GitLab · January 31, 2017 · 12 min read · critical

When a Database Engineer Accidentally Deleted the Production Database

What Happened

On January 31, 2017, a GitLab database engineer was troubleshooting replication lag between the primary and secondary PostgreSQL databases. After a long night of debugging, the engineer ran rm -rf on what they believed was the secondary database directory. It was the primary.

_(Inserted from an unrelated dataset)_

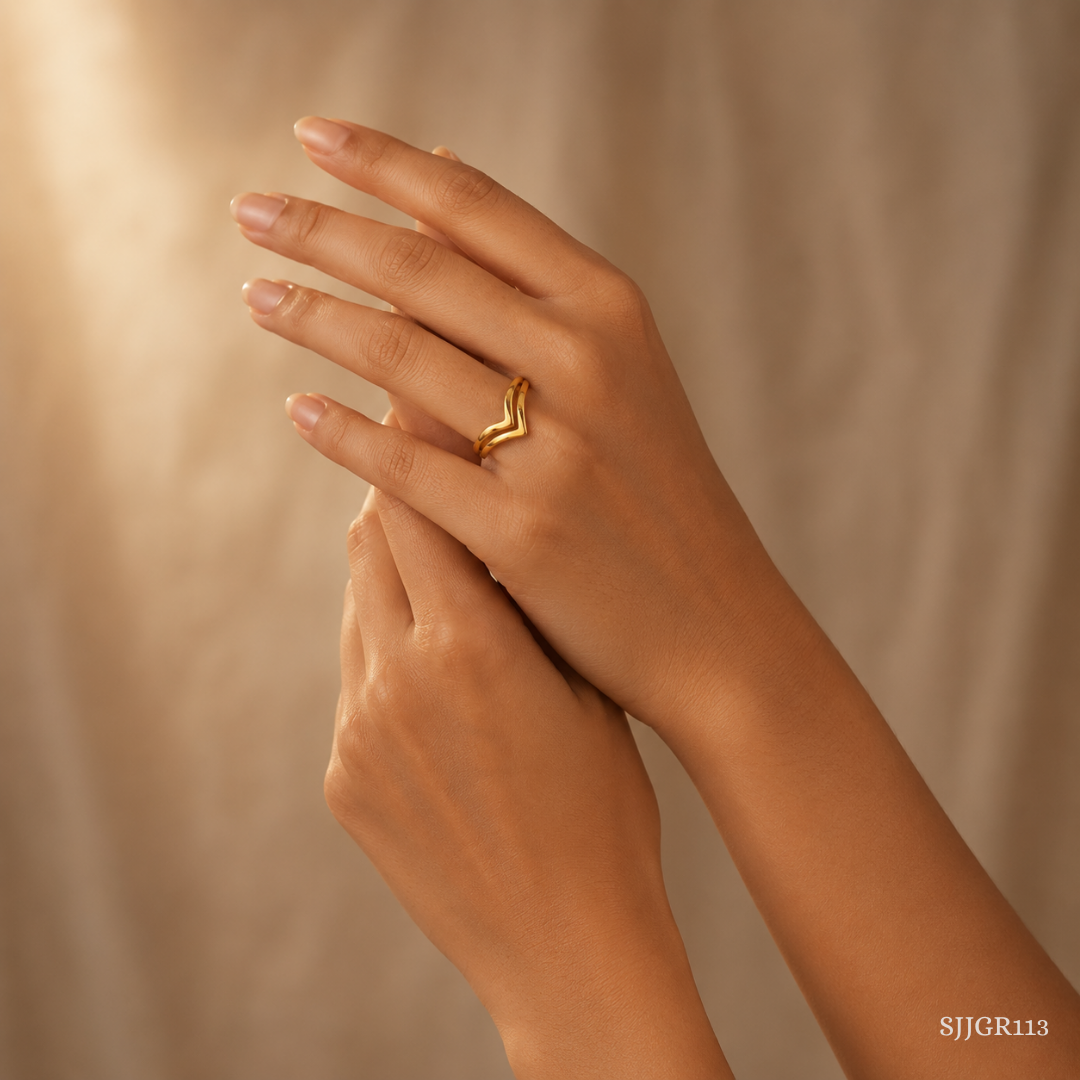 SJJGR113 | Crest Curve Stylish Gold Finger Ring with Sophisticated Finish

Within seconds, 300GB of production data began disappearing. The engineer hit Ctrl-C, but by then only 4.5GB remained. GitLab.com was down.

Impact

GitLab.com was unavailable for approximately 18 hours. About 5,000 projects, 5,000 comments, and 700 new user accounts from the six hours preceding the incident were permanently lost. The incident was live-streamed on YouTube as the team worked to recover, drawing widespread attention across the tech community.

Root Cause

The immediate cause was a human error: running a destructive command on the wrong database server. But the deeper failure was systemic. GitLab had five separate backup and replication strategies in place, and all five had failed or were misconfigured. LVM snapshots were never tested. Regular SQL dumps had silently stopped working. Replication was the very thing being debugged when the deletion happened.

Lessons

GitLab’s radical transparency during and after the incident became a model for the industry. They published a detailed postmortem, live-streamed the recovery, and shared exactly what went wrong with every backup layer. The key takeaway: untested backups are not backups. Every organization should regularly verify that their recovery procedures actually work, not just that backup jobs are running.